La dernière diatribe insensible de M. Owona Nguini contre la minorité anglophone du Cameroun interpelle, notamment quand il semble préconiser une violence sanglante pour régler les griefs légitimes soulevés par la société civile anglophone, puis la perpétuation du contrôle social et des règles de gouvernance autocratique pour gérer les effets perturbateurs générés par les changements politiques attendus au Cameroun. Cette position dystopique du régime de Paul Biya soulève une question cruciale sur la manière de sensibiliser l’opinion publique et de structurer le débat public après l’interminable règne de l’inamovible président camerounais, mais aussi les mécanismes démocratiques et auto-correctifs qu’il faudra pour gérer les effets induits par ces changements auxquels nous aspirons tous.
Fait désormais quasiment immuable, qu’il approuve ou non, le président Paul Biya est un homme du passé. Et l’une des manières d’analyser son héritage consiste à passer en revue méthodiquement les règles, les méthodes, les positionnements permettant de mieux le décrypter. On pourrait aussi le faire en comparant le travail intellectuel et organique du CL2P aux dernières actions et prises de paroles des principaux intellectuels du régime de Yaoundé. Ceci est important parce que Joël Didier Engo, le président du CL2P et M. Owona Nguini partagent à peu près le même âge et le même background social (ont notamment été des proches voisins à Yaoundé).

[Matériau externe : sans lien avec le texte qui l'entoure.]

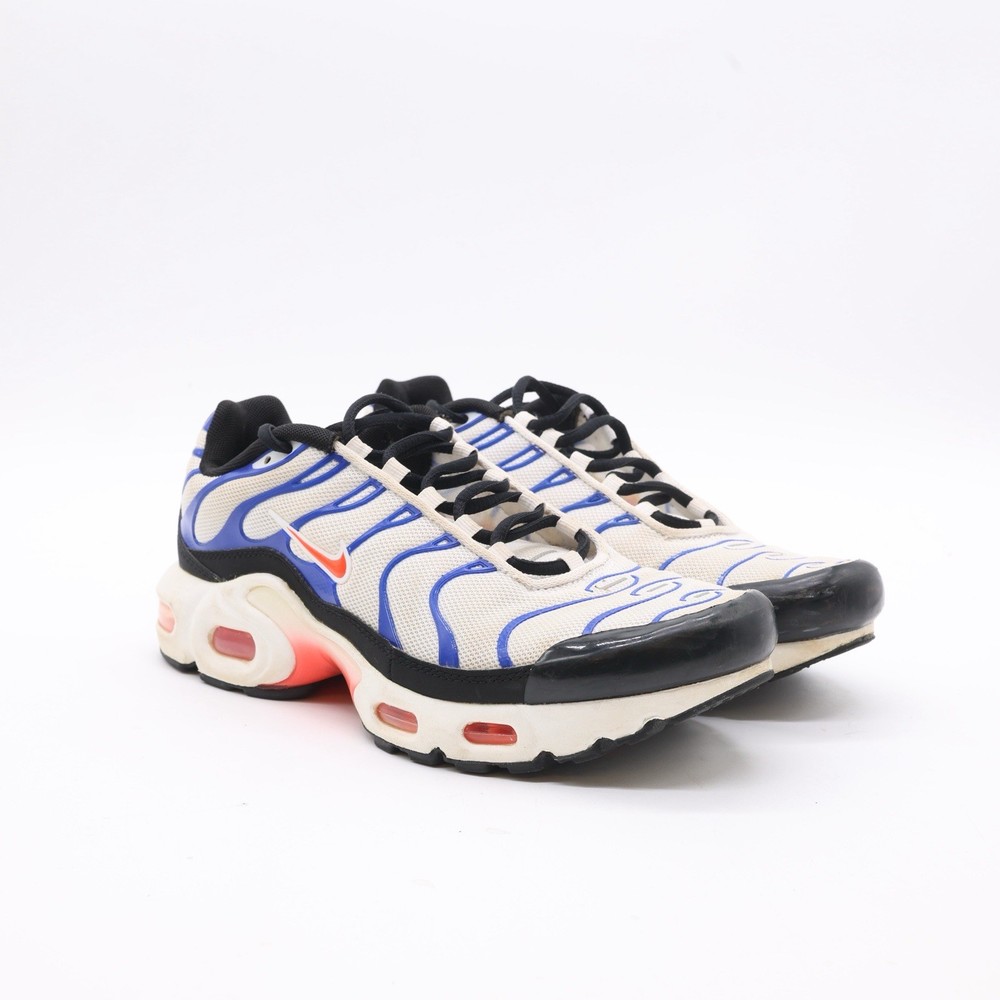 Size 7 – Nike(GS) Air Max Plus ‚White Game Royal‘ | CD0609-107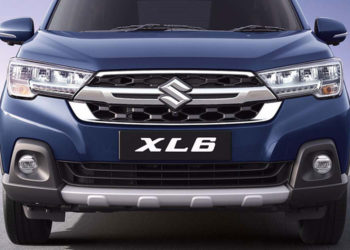 Maruti XL6 2022 Model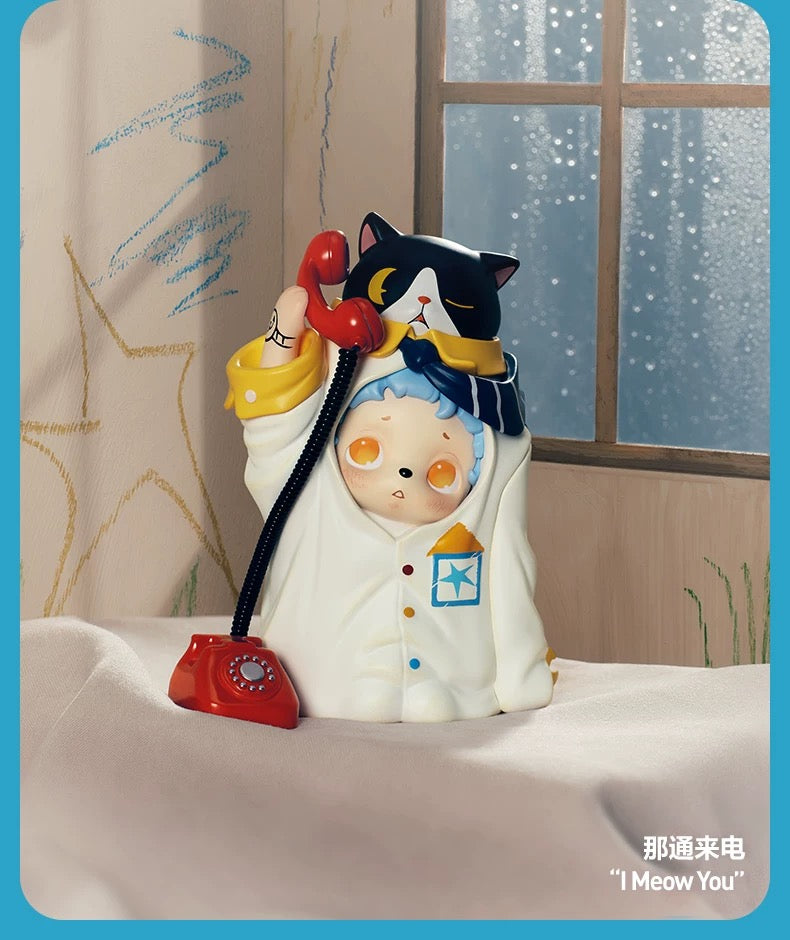 [Pre Order] INOSOUL Rainy Day Reverie Series Figure Blind Box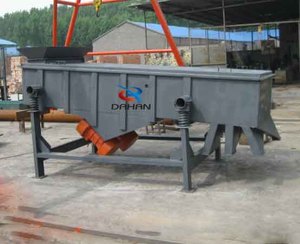 Criba Vibratoria Lineal de Malla Múltiple Serie DZSF 3, 3 Niveles, Banda de Acero Inoxidable, Velocidad Ajustable para Transportadores de Plantas de Fabricación - Product Image 3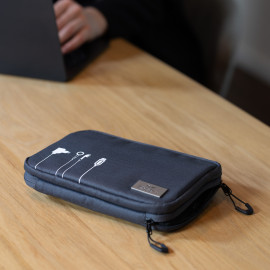 TROIKA BLUE CYCLE TECH POUCH 2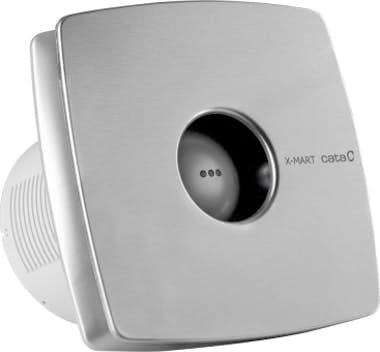 Cata CATA X-MART 10 INOX 15W Plata Cata CATA X-MART 10 INOX 15W Plata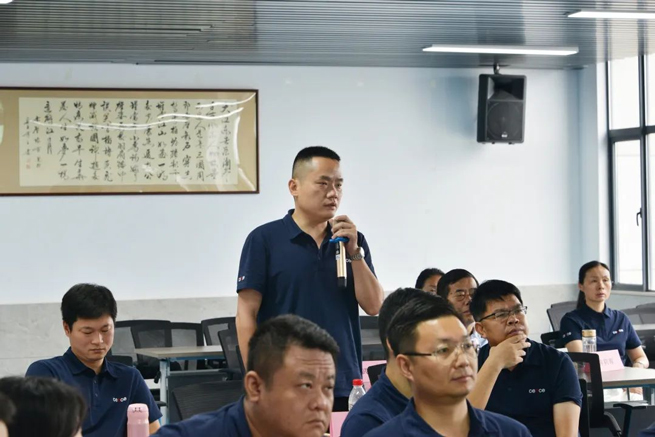 Тренинг команды продаж Сян И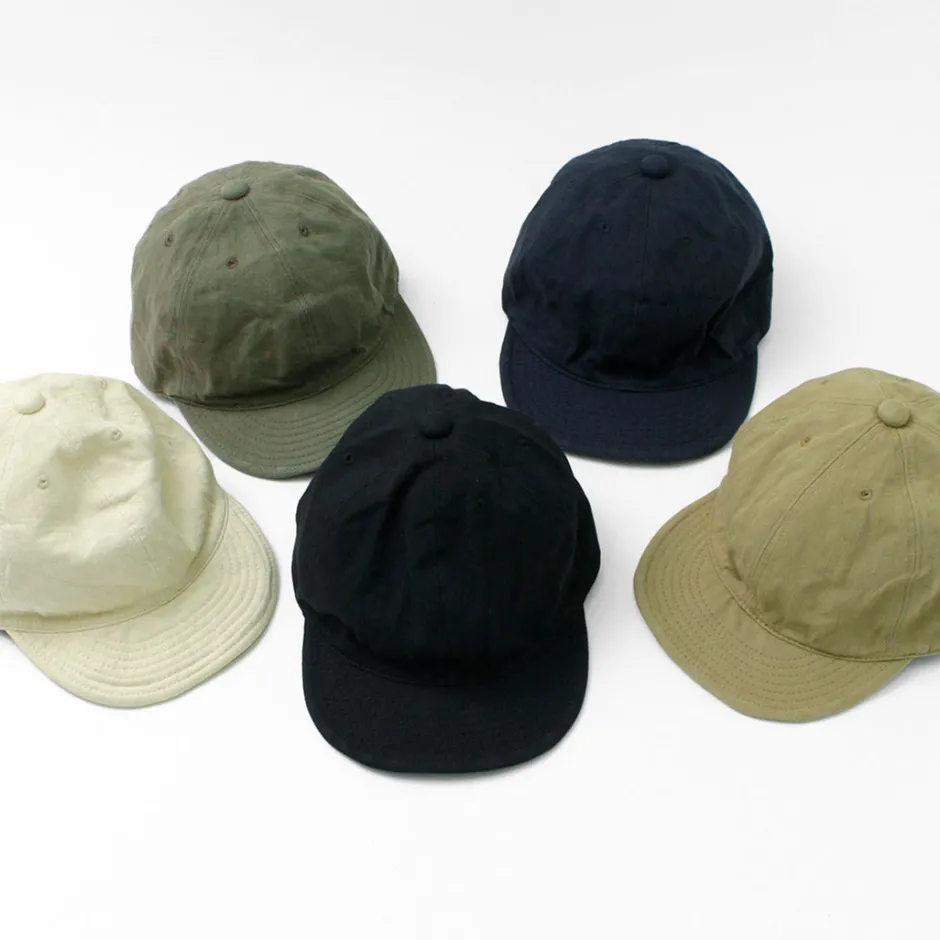 Hats^HIGHER / Vintage Herringbone Cap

Mais comment leurs différentes trajectoires nous informent sur la fracture intergénérationnelle camerounaise et les problèmes conjoints liés au personnel politique, à la dérive autocratique du régime trentenaire de Paul Biya; également sur les positionnements vis-à-vis de celui-ci? En effet la représentation et l’emprise du pouvoir patriarcal, la versalité politique, le travail intellectuel et les positions éthiques, la vision sociétale, et l’action collective inclusive ou exclusive …en disent un peu aussi sur chacun d’entre-nous durant ces 35 années. Les réponses à ces questions sont cruciales pour appréhender la ou les manières d’informer objectivement sur nos présuppositions non examinées et notre prédisposition idéologique.
Dans un moment déterminant de sa vie, Engo, contre la sagesse voulue conventionnelle du système, a pris des positions éthiques solides contre le régime du despotisme légal de Yaoundé, face notamment aux sirènes de la politique tribale et à la forte pression qui voudrait de faire allégeance à la ligne tribale dans un pays où la gouvernance tribale est un jeu brutal à somme nulle où le gagnant rafle la mise. Cette attitude de principe l’a certainement aliéné de ses proches et des personnes qu’il aimait le plus, et qui s’attendaient vraisemblablement à une attitude de soumission tribale en échange d’une hypothétique clémence du prince pour son père incarcéré arbitrairement pendant 14 années pour ce qui fut perçue comme une déloyauté. À l’instar d’autres régimes autocratiques, celui de Yaoundé a développé une stratégie juridique despotique qui fonctionne à merveille, avec une suppression immédiate des droits civils des adversaires politiques (de l’intérieur) ou perçus comme tels, au nom de la lutte démagogique contre la corruption. La position de principe d’Engo a été vue comme extrêmement irrévérencieuse. Car malgré son côté affable, qu’il a cultivé depuis le séminaire, le vieux nègre n’a jamais fait preuve de clémence face à ses adversaires politiques désignés.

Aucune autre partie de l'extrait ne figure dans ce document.